# Redox reactions and potentials/potential differences

1. Oct 11, 2016

### s3a

Hello to everyone who reads this. :)

1. The problem statement, all variables and given/known data
I DO understand the two following points.:

1. If the redox potential of a redox reaction is positive, then the redox reaction is spontaneous.

2. If the redox potential of a redox reaction is negative, then the redox reaction is NOT spontaneous/non-spontaneous.

What I am NOT 100 percent sure I understand is what a redox potential of 0 (so neither positive nor negative) means (since most, if not all, sources don't seem to mention that). I've been told that it means that the system is at equilibrium, which does make sense to me, but being told that, I have another (sub)question to inquire about this further. (See part 3, below.)

2. Relevant equations
http://chem.libretexts.org/Core/Phy...es_of_Chemical_Equilibria/Dynamic_equilibrium

3. The attempt at a solution
Basically, a redox reaction with a potential of 0 means the system in question is ALWAYS in DYNAMIC equilibrium (and never static equilibrium), since redox reactions ALWAYS have motion between reactants and products, albeit at an equal and constant rate, when the redox potential of a redox reaction is 0, right?

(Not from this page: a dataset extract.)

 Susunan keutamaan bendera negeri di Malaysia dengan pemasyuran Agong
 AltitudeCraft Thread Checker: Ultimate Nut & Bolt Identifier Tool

If I'm wrong, please correct me.

Any input would be GREATLY appreciated!

P.S.
"Potentials" = "Potential differences", right?

2. Oct 11, 2016

### Staff: Mentor

I am not sure I understand what it is supposed to mean.

What do you mean by "redox reaction"? The one in which two half cells are combined to react?

If so, whether the cell potential is positive or negative is just a matter of how the half cells are connected to the voltmeter and the negative potential can be made positive just by switching the cells. But you can't make the system spontaneous just by shifting flasks, so there is something wrong.

And if by "redox reaction" you mean a half cell reaction, it is never spontaneous, as it won't work without an electron source (or sink) which is typically a second half cell. Which moves us back to the first case (which is already wrong).